Logs are a fingerprint of systems and user activity and are central to an IT professional’s daily security and operations routines to provide business executives with the data and intelligence Enterprises need to prove compliance with IT controls and regulations such as PCI and SOX. With the addition of LogLogic 4 Release 2, the business now has a way to deploy a log data warehouse in order to monitor and audit user activities at a time when information leakage and misuse incidents are at an all-time high.
“As executives’ fiduciary responsibilities expand to include the protection of corporate reputation and the safeguarding of information assets like customer and personnel data, as well as the security of intellectual property, being able to prove system activities of users and non-authorized personnel is mandatory,” said Dominique Levin, Chief Executive Officer at LogLogic. “Delivering the means to monitor this activity goes a long way to protect information – both as a deterrent to users who know they are being watched to safeguarding against the unknown predator of information theft. With log data serving as the digital equivalent of a surveillance camera, Log Management and Intelligence with fine grain monitoring capabilities serves as both deterrent and immutable legal evidence that can be used to prosecute violations as powerful evidence to safeguard corporate reputation.”

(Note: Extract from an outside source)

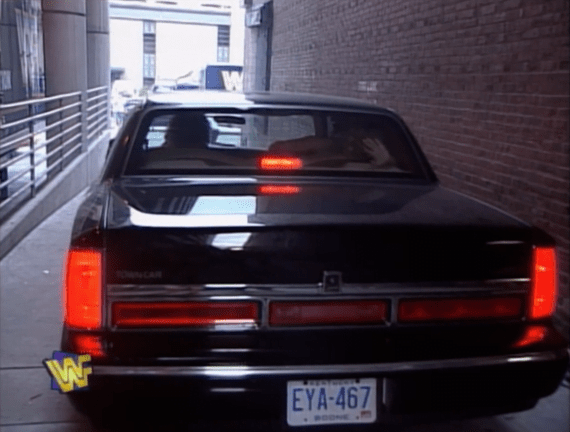 Pillman and Marlena - Ground Zero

Knowing who is actually accessing sensitive data is also a first step towards designing or validating new security and compliance policies. Inappropriate access can be identified and corrected through new policies or new user configuration. For example, if you find that 2,000 developers are accessing source code you may want to re-design your access rights and privileges.
“Due to much publicized internal and external data breaches, IT is facing the brutal truth regarding the importance of collecting log and network flow data,” said Jon Oltsik, Senior Analyst at Enterprise Strategy Group. “User activity monitoring, risk mitigation and compliance mandates can all be tackled effectively by log management, and the Global 2000 is taking notice.”
The LogLogic log data warehouse delivers much broader user and system activity monitoring capabilities. Inappropriate information usage can be correlated with other user activities. System analysts can, with a single mouse-click, view which web applications a user has visited, which e-mails a user has sent, when a user connected to the VPN and at what time a user left the building, when the appropriate log data is collected. This comprehensive approach to user activity monitoring through the use of log data complements identity management operations. Where identity management is focused primarily on authentication and authorization, log data capture completes the puzzle of all users’ activities after they have been authenticated by the system.
The New LogLogic 4 Release 2 includes more than 25 new features, including:
* Collect and analyze fine-grain audit logs from servers, database and file servers.
* Ability to verify the integrity of log data archived in the LogLogic log data warehouse.
* Ability to detect and remove duplicate log entries in log files.